#### DATA SECTION
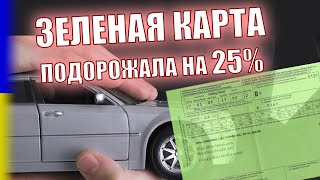 Почему подорожала ЗЕЛЕНА КАРТА для украинцев на 25% и как сэкономить в 2022 году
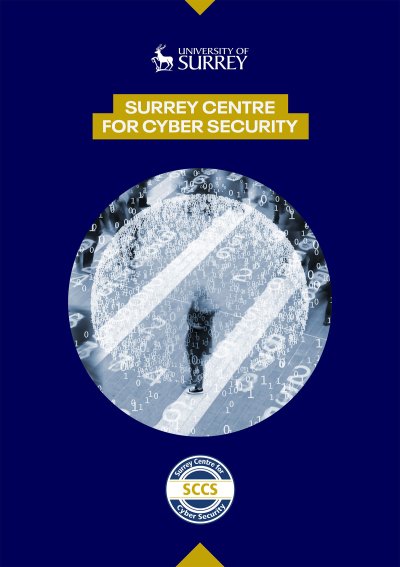 Surrey Centre for Cyber Security brochure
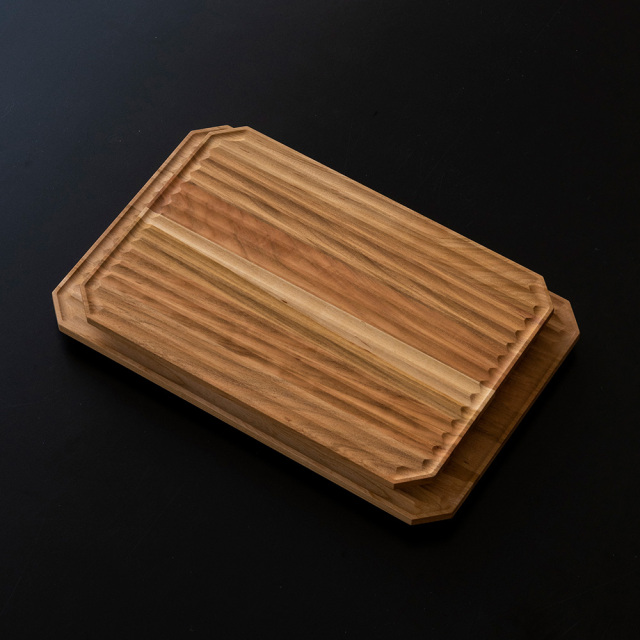 KITO｜ ブランチボート／シャルキュトリーボード ＜サクラ＞ 四十沢木材工芸（石川県輪島市）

#### WORK REQUEST
Keep every word of the data as it is when you write it out, but drop the pictures.

#### YOUR SOLUTION
 Почему подорожала ЗЕЛЕНА КАРТА для украинцев на 25% и как сэкономить в 2022 году
 Surrey Centre for Cyber Security brochure
 KITO｜ ブランチボート／シャルキュトリーボード ＜サクラ＞ 四十沢木材工芸（石川県輪島市）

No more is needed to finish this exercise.